Port officials project that 2009 container counts will drop to 1.49 million TEUs – the lowest level in seven years. Due to the recession and increased competition from the port of Prince Rupert and East Coast ports, Tacoma officials do not expect container counts to return to their peak 2005-2006 levels for another nine years.

Nevertheless, Farrell did offer some concessions. Initially, laid-off employees at the level of director or higher would have been required to sign an agreement that would restrict them from working for certain competitive ports for one year, because of their access to sensitive and confidential information. Farrell said the time frame for the “no compete” agreement would be reduced to five months.

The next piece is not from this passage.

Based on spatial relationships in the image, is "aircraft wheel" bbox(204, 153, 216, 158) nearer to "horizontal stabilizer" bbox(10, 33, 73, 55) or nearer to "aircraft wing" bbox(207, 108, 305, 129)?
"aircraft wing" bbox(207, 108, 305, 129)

Two weeks ago commissioners were told that laid-off employees would not be able to return to their former positions for two years – even if port officials determine that they need to refill a slot. Last week, Farrell said the port “has reserved the right to waive the provisions” regarding the 24-month limitation.

The Cunningham Report has the story:

Even though Port of Seattle officials expect to reduce their operating expenses by more than $16 million this year due to steep cuts in travel and training budgets and furloughs for all employees, online the cost savings realized in 2009 may not be sustainable in the long term.

Port commissioners were told last week that cuts into port functions may be needed during 2010 to offset further declines in seaport and airport revenues as well as unavoidable increases in maintenance and health care costs.

During the first of eight budget meetings scheduled between now and the end of the year, port financial folks recommended that the port adopt a modified “zero-based budgeting” process. In the upcoming months, port officials will review department functions, determine which functions are critical and which can be reduced or eliminated altogether.

Executive Director Tay Yoshitani warned that since the port does “not have a lot of people sitting around and doing nothing,” commissioners will “have to accept that the level of service is going to be impacted.”

Although one Commissioner Gael Tarleton suggested that furloughs cannot be sustained permanently, no one talked about a reduction in actual positions – whether voluntary or involuntary. Those decisions will presumably be made between now and the end of the year.